Super constructor call

Question

In Java, if my class extends a super class and by default the first line of the constructor is Super() , are the fields of the super class initialized, or is just the constructor run?

Also, if the constructor in the superclass calls a method that happens to be in both classes, does it run the super class or sub class version?

Answer 1

In Java, if my class extends a super class and by default the first line of the constructor is Super(), are the fields of the super class initialised? or is just the constructor run?

The fields of the superclass are always initialized prior to the superclass constructor body running.

See section 15.9.4 and section 12.5 of the JLS for details.

Also, if the constructor in the superclass calls a method that happens to be in both classes, does it run the super class or sub class version?

Assuming the subclass method actually overrides the superclass one, the subclass implementation will be called. This is generally seen as a Bad Thing, as it means the method can't rely on anything initialized by the subclass constructor.

Answer 2

the fields of the super class initialized, or is just the constructor run?

It's the same thing. The following things happen when a constructor is called:

1. The superclass constructor is called, unless the current class is java.lang.Object .
2. The instance variable declarations with initializers and any anonymous initializers { } are executed.
3. The code in the constructor following the (implicit or explicit) super() call is executed.

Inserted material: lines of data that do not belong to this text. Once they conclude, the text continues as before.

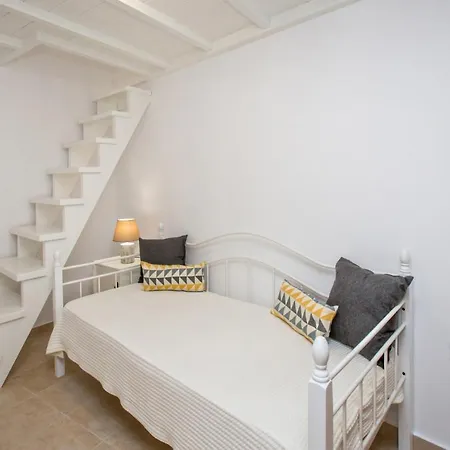 Holiday home Casa Di Makaron Tinos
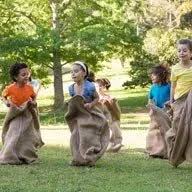 Solo tenemos que mirar el álbum de fotos familiar para recordar cómo se divertían las personas mayores de ahora, cómo eran capaces de convertir una escoba en un caballo o una caja en un veloz coche de carreras. Juegos Populares Los 10 Mas Tradicionales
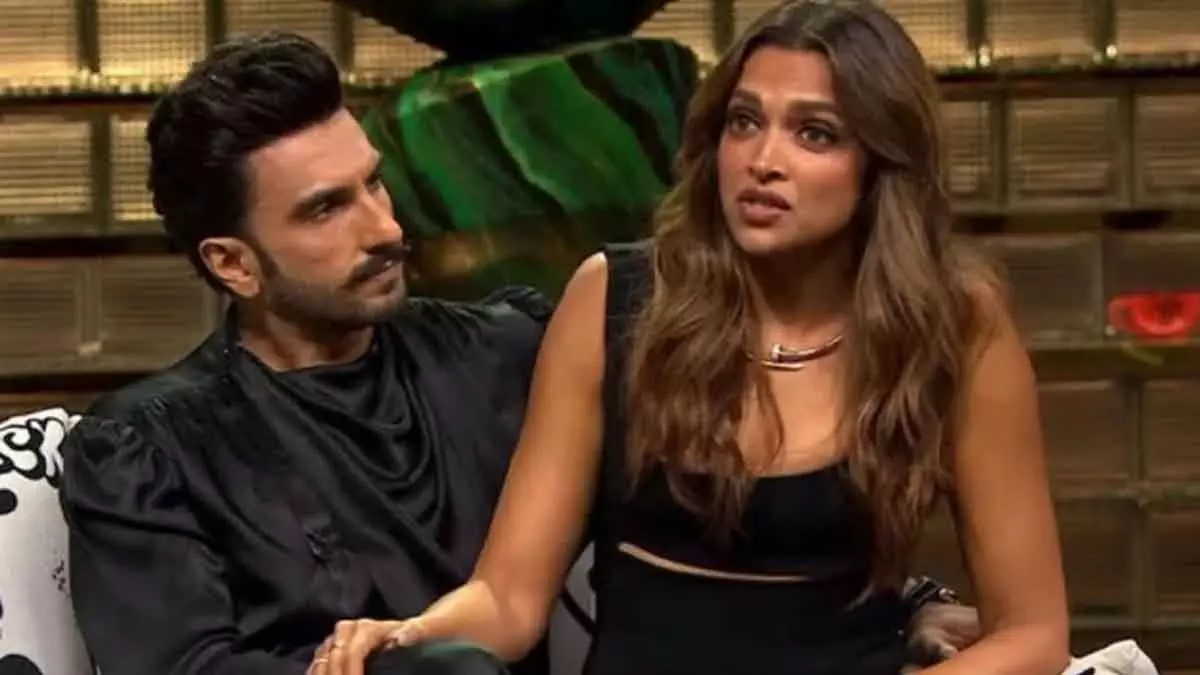 Ranveer Singh ने दीपिका की लंबी शूटिंग पर मज़ाक में कहा- थोड़ी ज्यादा शूटिंग कर लो Ranveer Singh ने दीपिका की लंबी शूटिंग पर मज़ाक में कहा- थोड़ी ज्यादा शूटिंग कर लो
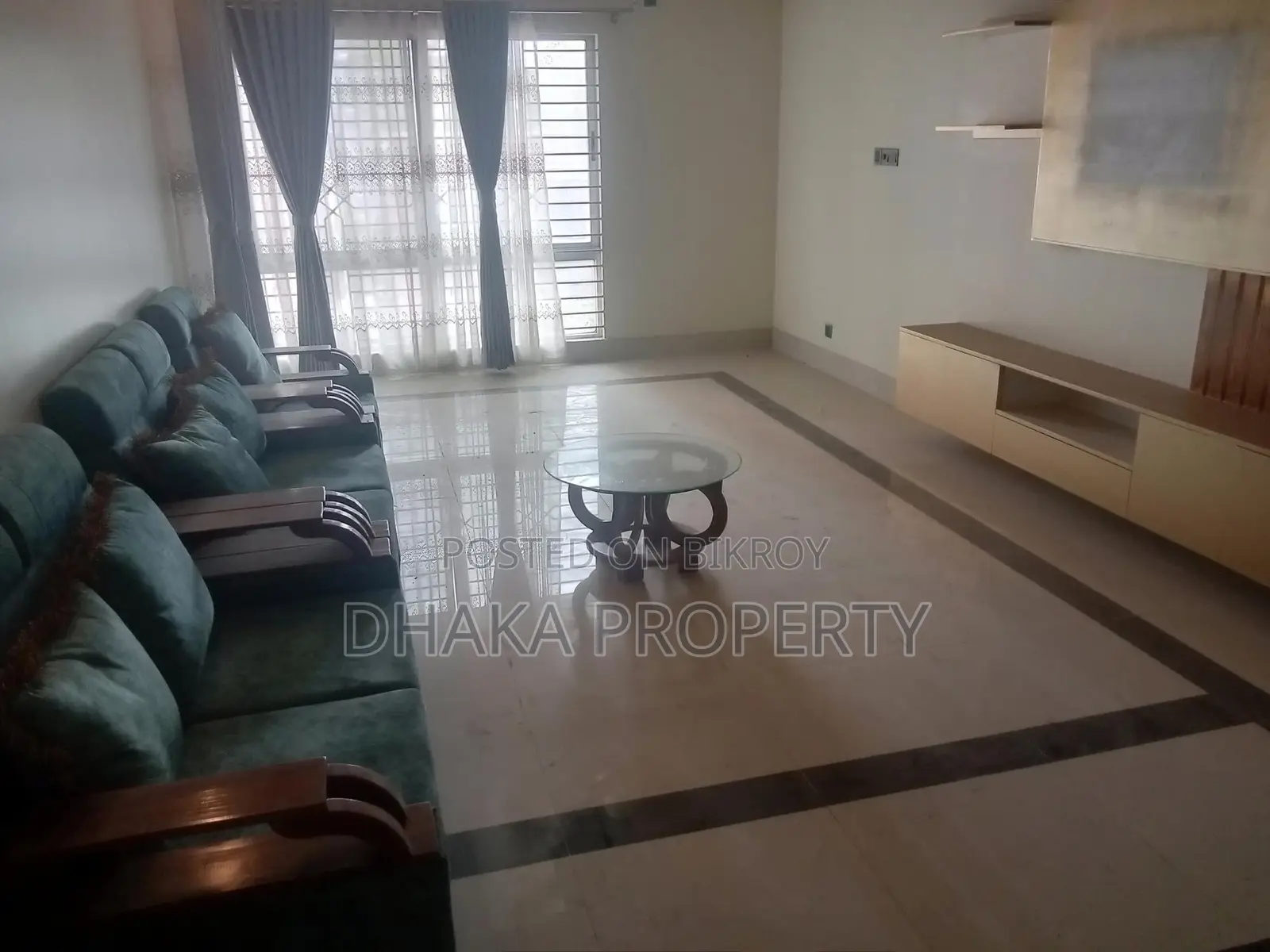 Newly Fully Furnished 4 Bedrooms Flat Rent in Baridhara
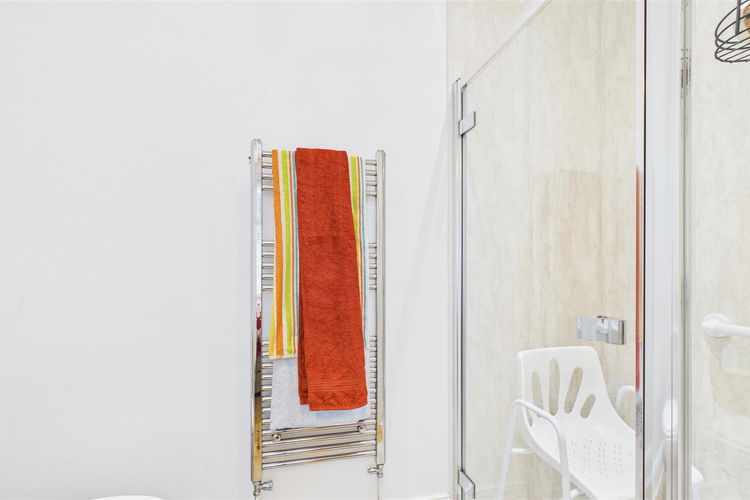 En-Suite - Picture 14 of 19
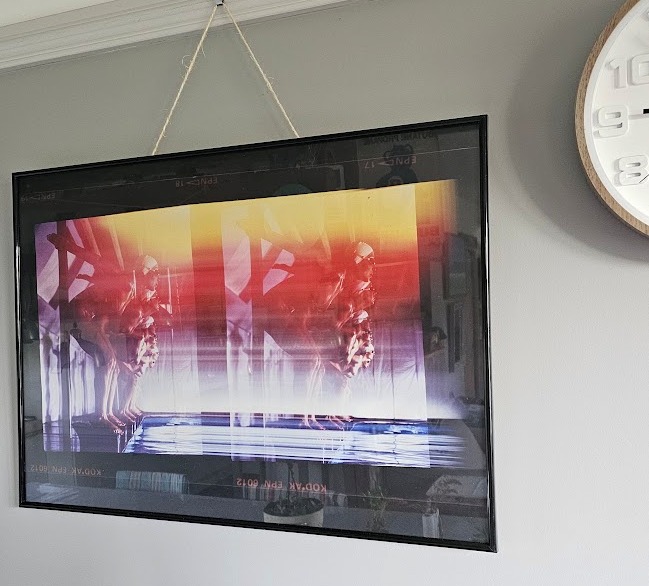 Les femmes de la piscine prêtes à plonger, photo multicolore à double action - affiche d'après une transparence originale de Michael Joseph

You can see that by recursion when you call super() , step (2) precedes step (3). So yes, the instance variables are initialized and the constructor code is executed.

Also, if the constructor in the superclass calls a method that happens to be in both classes, does it run the super class or sub class version?

The subclass version. Note that this is different from C++ where the object is viewed as partially constructed, ditto the v-table, so the superclass version will be run.